In previous articles we explained that the Spanish Government reintroduced wealth tax in 2011 as an emergency economic measure. The reintroduction was achieved simply by removing the 100% exemption to the tax that had originally been introduced in 2008.
However, the tax was eliminated for the majority of potential taxpayers because a significant tax free allowance of 700.000 € was granted for 2011 and 2012 plus a further exemption of up to 300,000€ in respect of the net of mortgage value of an individual’s home.
In 2012, the Spanish Government again decided that it was necessary to keep wealth tax in force for 2013, but gave a strong indication that it would be abolished for 2014.
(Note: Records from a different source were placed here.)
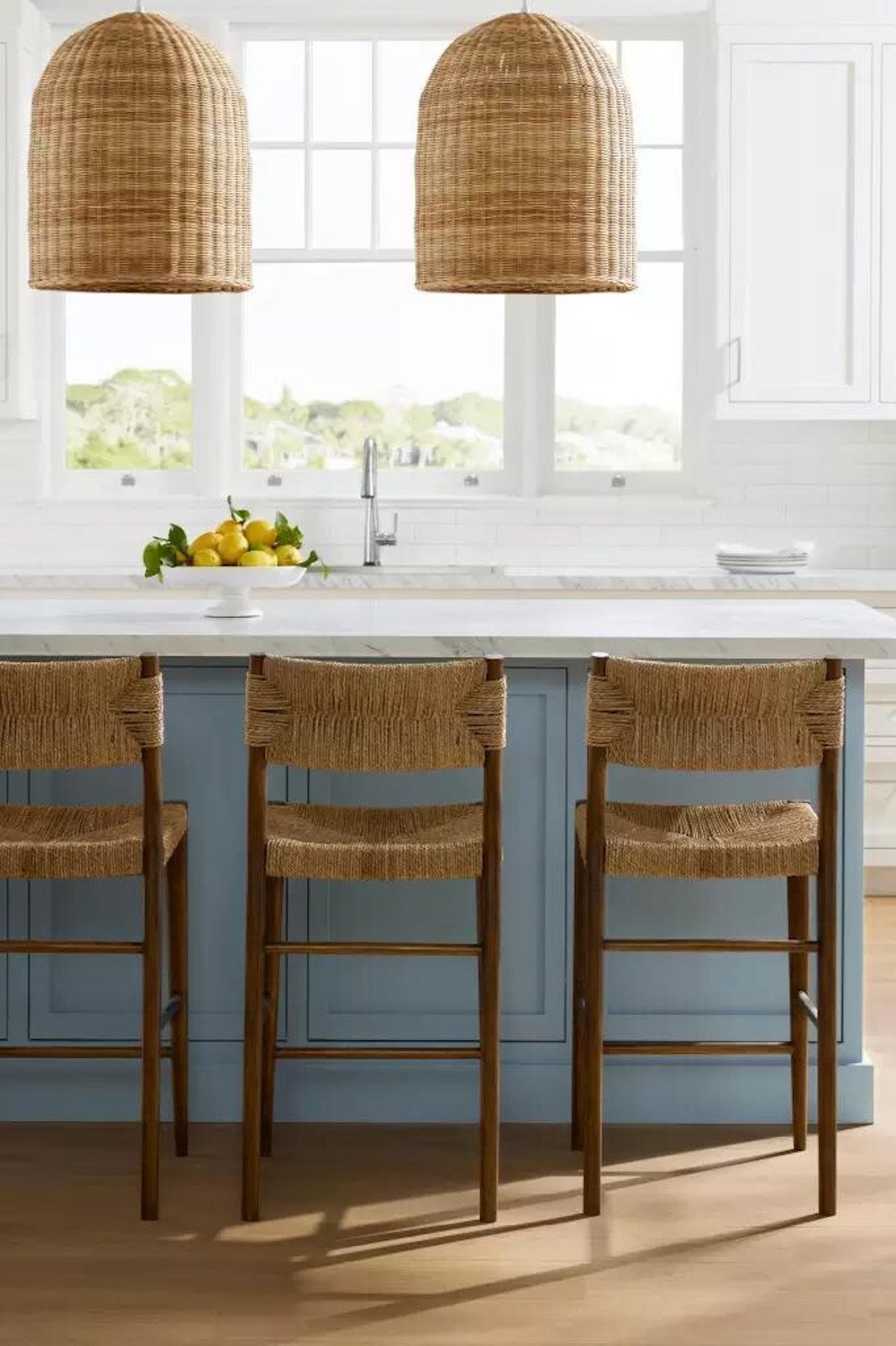 Three rattan bar stools in a blue kitchen.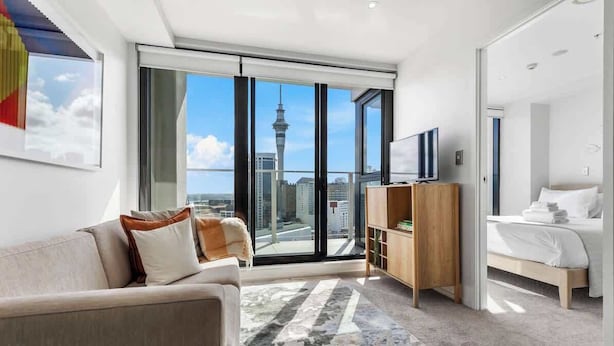 A modern hotel room with a large window, a sofa, a bed, a TV, and a wooden cabinet.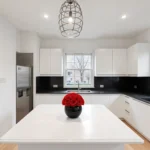 Vase of red roses on a kitchen island, elegant floral arrangement.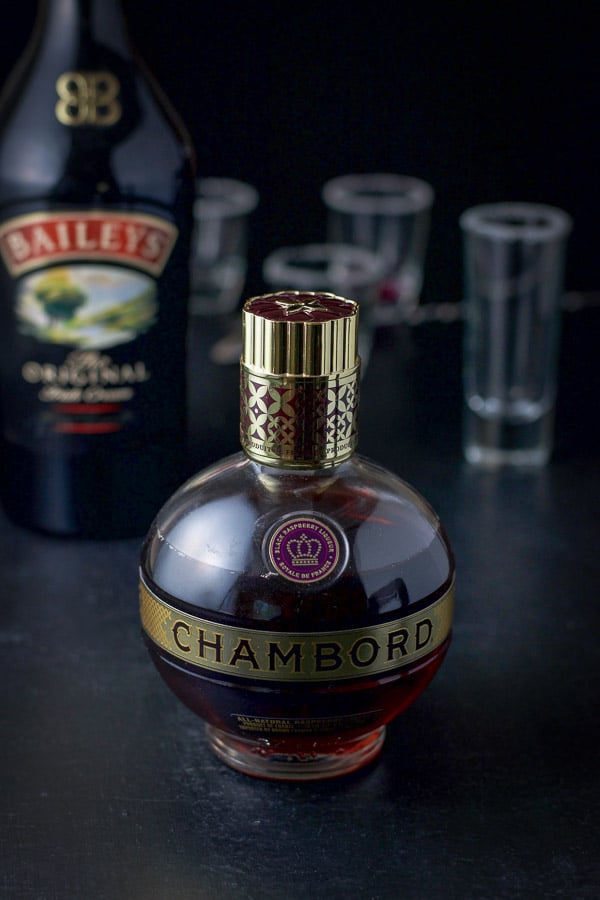 Chambord and Baileys with the shot glasses in the background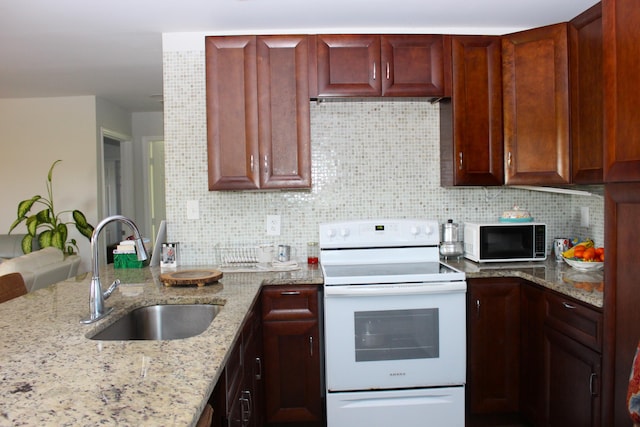 kitchen with black microwave, white range with electric cooktop, a sink, and backsplash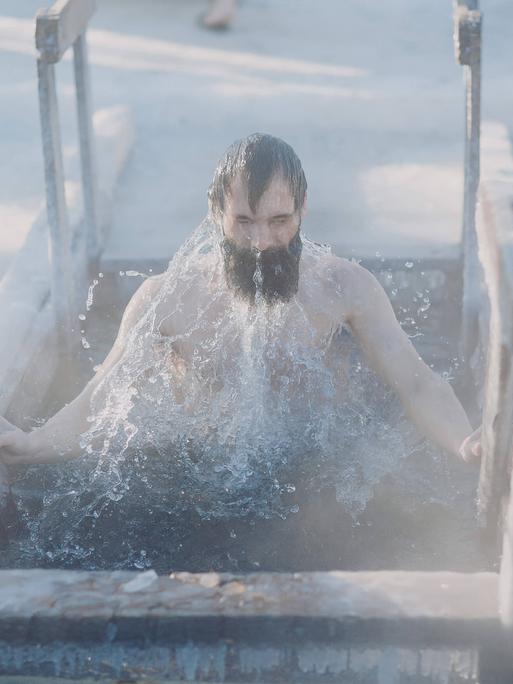 Person mit schwarzen Haarzen und Bart taucht aus dem Eisbad auf Person mit schwarzen Haarzen und Bart taucht aus dem Eisbad auf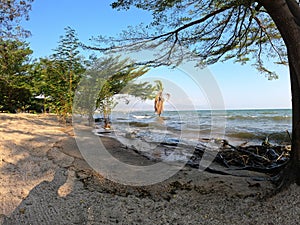 Burundi Bujumbura lake Tanganyika, windy cloudy sky and sand beach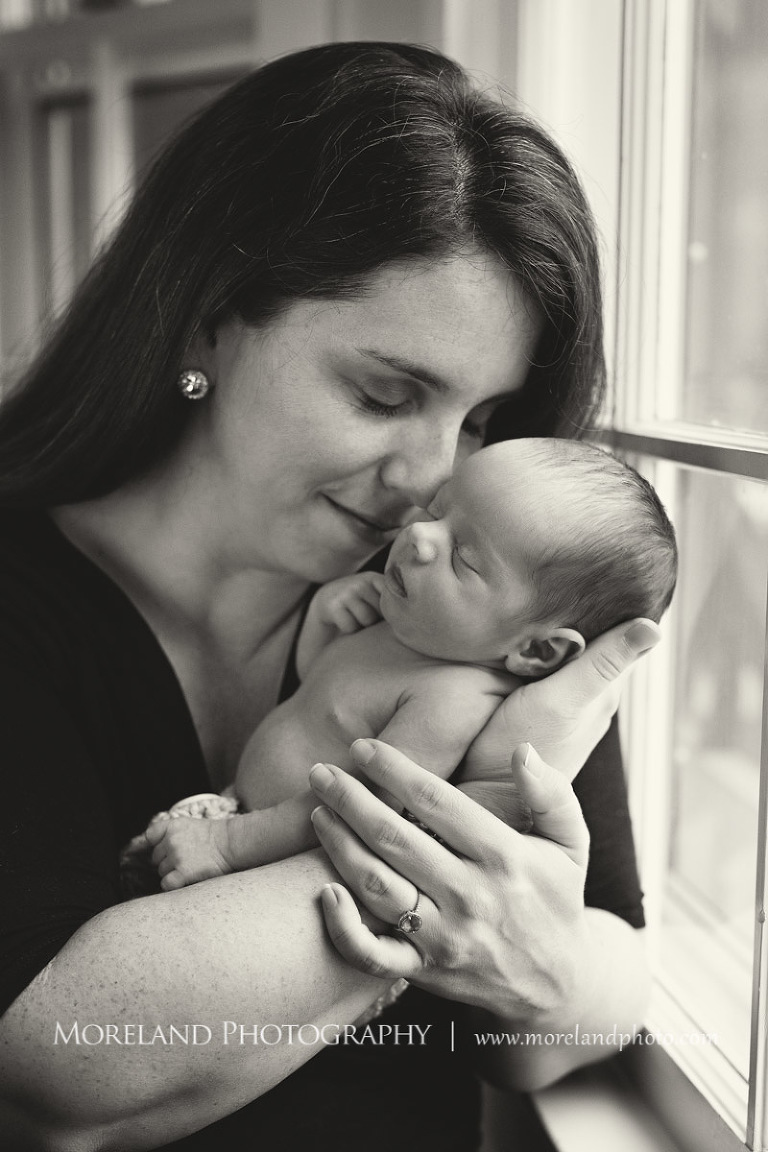 A mother holding her newborn son close whole standing next to a window, Atlanta Newborn Photography, Newborn Photographer Atlanta, Birth Photography, Natural Birth Photography, Hospital Photographer, Moreland Photography, Mike Moreland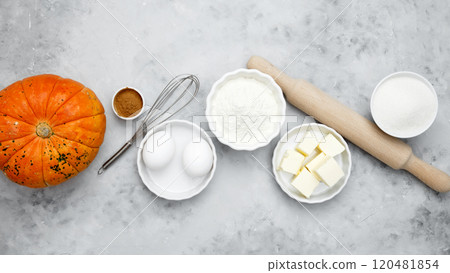 Baking ingredients including flour, butter, sugar, spices, eggs and pumpkin arranged on a gray background. Seasonal autumn baking 120481854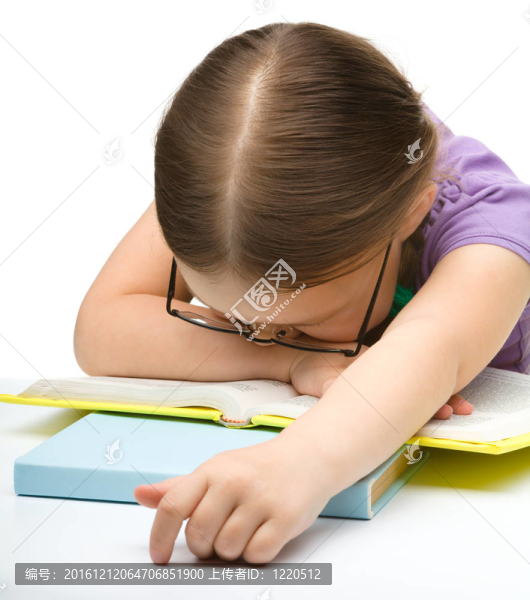 可愛的小女孩在書上睡覺
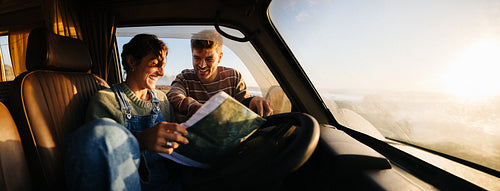 Couple in a camper van map reading at sunset during a road trip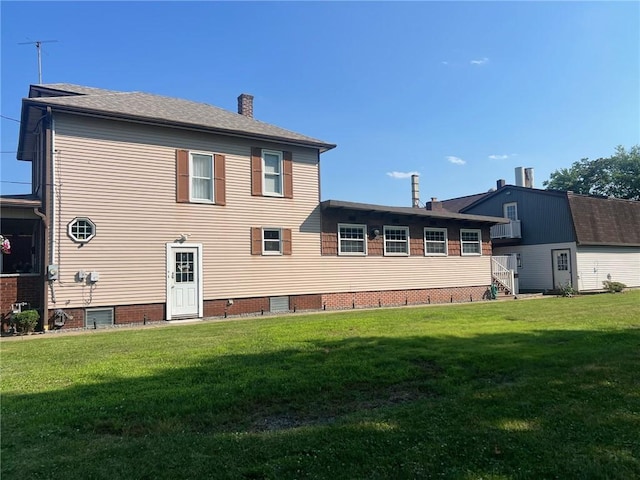 4619 5th Ave, Beaver Falls, PA 15010 - rear view of property featuring a lawn and a chimney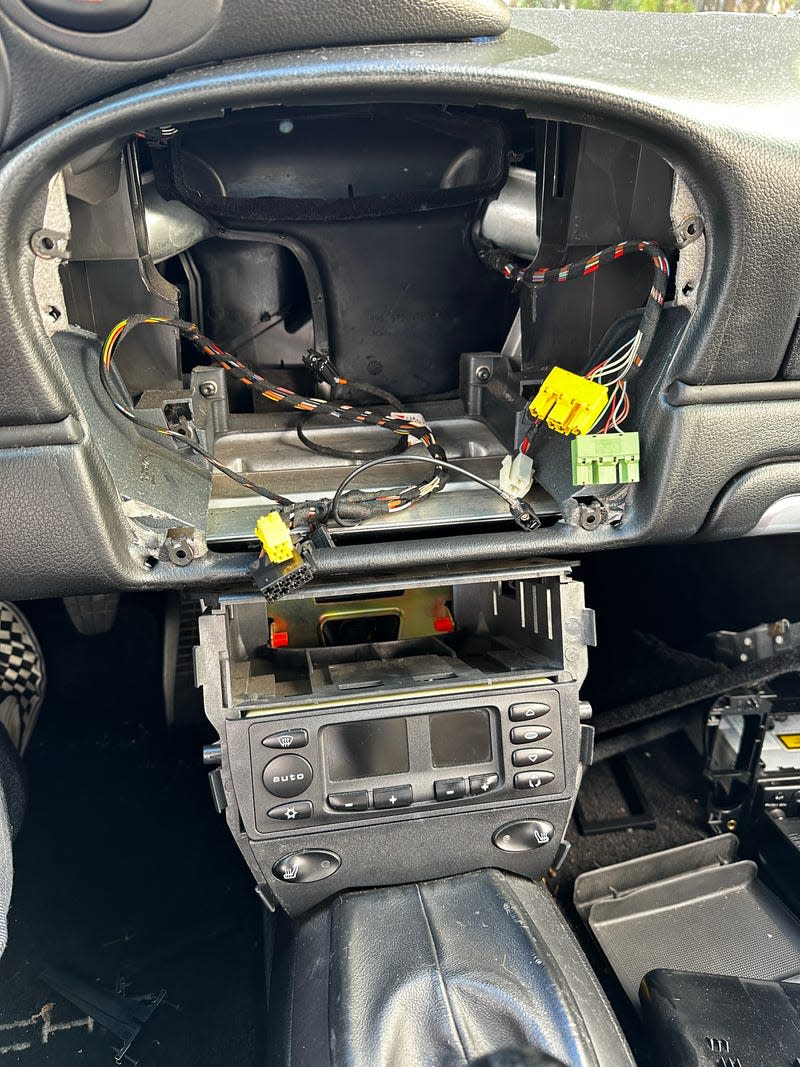 The interior center console of the 996-generation Porsche 911 disassembled.
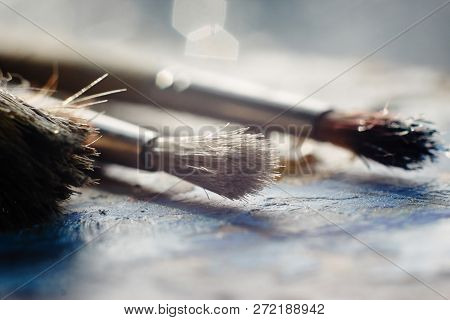 Stained Brush With The Bristles Lying On The Palette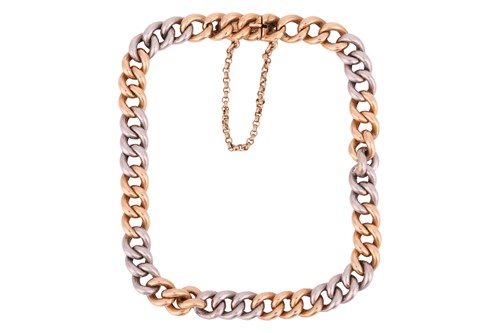 Lot A two-tone curb link bracelet, comprising a...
The Spanish Government published on 30 September 2013 the draft Budget for 2014 and unsurprisingluy changed its mind yet again and is proposing to retain wealth tax for 2014, as a continuing measure to reduce the Spanish deficit. The Spanish defecit is about to reach 100% of its PIB (Producto Interior Bruto).
The god news (potentially at least) is that the draft provision in the budget makes it unequivocal that the 100% exemption is to be reinstated for 2015 onwards. Bearing in mind how many times this Government has changed its mind, one cannot guarantee that 2014 will indeed be the last year of wealth tax in Spain but economic indicators are showing positive signs and we are observing a marked improvement in econo,mic activity in this part of Spain.
We also have to remember that wealth tax has been fully ceded to the autonomous regions of Spain, which have extensive powers to modify the tax regime. This means that Andalucia, for example, could reverse the 100% exemption legislated by the state and continue to charge its own tax residents.
Only the lucky residents in Madrid continue to enjoy the 100% wealth tax exemption!